Welcome to justthoughtsnstuff

I started posting to jtns on 20 February 2010 with just one word, 'Mosaic'. This seemed an appropriate introduction to a blog that would juxtapose fragments of memoir and life-writing. Since 1996, I'd been coming to terms with the consequences of emotional and economic abuse that had begun in childhood, and which, amongst other things, had sought to stifle self-expression. While I'd explored some aspects of my life through fiction and, to a lesser extent, journalism, it was only in 2010 that I felt confident enough to write openly about myself. I believed this was an important part of the healing process. Yet within weeks, the final scenes of my family's fifty-year nightmare started to play themselves out and the purpose of the blog became one of survival through writing. Although some posts are about my family's suffering - most explicitly, Life-Writing Talk, with Reference to Trust: A family story - the majority are about happier subjects (including, Bampton in rural west Oxfordshire, where I live, Oxford, where I work, the seasons and the countryside, walking and cycling) and I hope that these, together with their accompanying photos, are enjoyable and positive. Note: In February 2020, on jtns' tenth birthday, I stopped posting to this blog. It is now a contained work of life-writing about ten years of my life. Frank, 21 February 2020.

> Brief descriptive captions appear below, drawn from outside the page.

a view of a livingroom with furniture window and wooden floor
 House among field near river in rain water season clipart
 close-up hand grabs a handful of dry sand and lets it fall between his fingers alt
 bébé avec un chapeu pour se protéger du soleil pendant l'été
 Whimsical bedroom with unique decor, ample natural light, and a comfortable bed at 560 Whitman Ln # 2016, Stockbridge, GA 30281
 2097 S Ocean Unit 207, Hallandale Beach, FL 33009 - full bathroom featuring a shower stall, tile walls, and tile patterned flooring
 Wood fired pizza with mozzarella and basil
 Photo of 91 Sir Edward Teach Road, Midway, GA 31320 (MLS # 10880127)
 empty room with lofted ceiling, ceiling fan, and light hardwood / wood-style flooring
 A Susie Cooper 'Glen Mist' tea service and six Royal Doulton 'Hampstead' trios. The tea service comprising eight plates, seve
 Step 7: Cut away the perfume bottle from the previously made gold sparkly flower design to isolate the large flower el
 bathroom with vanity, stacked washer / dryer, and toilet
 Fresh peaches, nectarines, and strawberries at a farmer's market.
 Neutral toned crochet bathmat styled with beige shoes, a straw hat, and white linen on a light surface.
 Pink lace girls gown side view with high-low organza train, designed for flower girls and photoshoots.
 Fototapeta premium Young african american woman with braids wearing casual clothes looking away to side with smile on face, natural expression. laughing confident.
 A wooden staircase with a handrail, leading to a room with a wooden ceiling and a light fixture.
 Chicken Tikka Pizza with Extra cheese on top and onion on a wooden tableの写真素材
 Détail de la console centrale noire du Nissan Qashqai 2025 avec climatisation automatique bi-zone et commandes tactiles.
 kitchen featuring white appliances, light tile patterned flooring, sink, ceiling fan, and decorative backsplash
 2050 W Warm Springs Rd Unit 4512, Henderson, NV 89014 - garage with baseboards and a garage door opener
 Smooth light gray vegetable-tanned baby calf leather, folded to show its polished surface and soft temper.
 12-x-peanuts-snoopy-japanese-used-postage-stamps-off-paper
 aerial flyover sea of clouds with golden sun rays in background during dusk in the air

New blog: morethoughtsnstuff.com.

Tuesday 27 December 2016

boxing day walk, empathy, marriage foundation article in the times, conted, rosa stromeyer



A lovely Boxing Day walk along the Thames from Tadpole Bridge to Old Man's Bridge (shown above). Gorgeous sunshine.

Loved yesterday - including, before our lunch, a Radio 4 programme about empathy, which preceded the Queen's speech. Jane Davis, founder of the Reader (an organisation that works 'to connect people with great literature through shared reading'), said, 'How do you manage your feelings in relation to someone you both love and hate?...Books are brilliant for that kind of complexity.' Which made me think - then and today - of how I felt as a child. I remembered this programme when reading an article in today's Times about the 1.04 million children that find themselves in unhappy homes at Christmas. This shockingly high figure was revealed by a survey commissioned by the Marriage Foundation and the article very much struck a chord. I hope I can still feel compassion for both my parents when I remember the terrible rows that blighted my childhood and how unhappy they both were - while also being very aware of the awful damage caused by these rows, then and for decades to come.

Meantime, I much enjoyed recommending open educational resources (OERs) in Creative Writing for the Christmas webpage published by Oxford University's Department for Continuing Education. It's great to read those suggested by tutors in other subjects too.

I also loved the ContEd blog post about Rosa Stromeyer, who taught at an earlier incarnation of Rewley House in the late nineteenth century. A story that made me immensely proud to work in Oxford's continuing education department.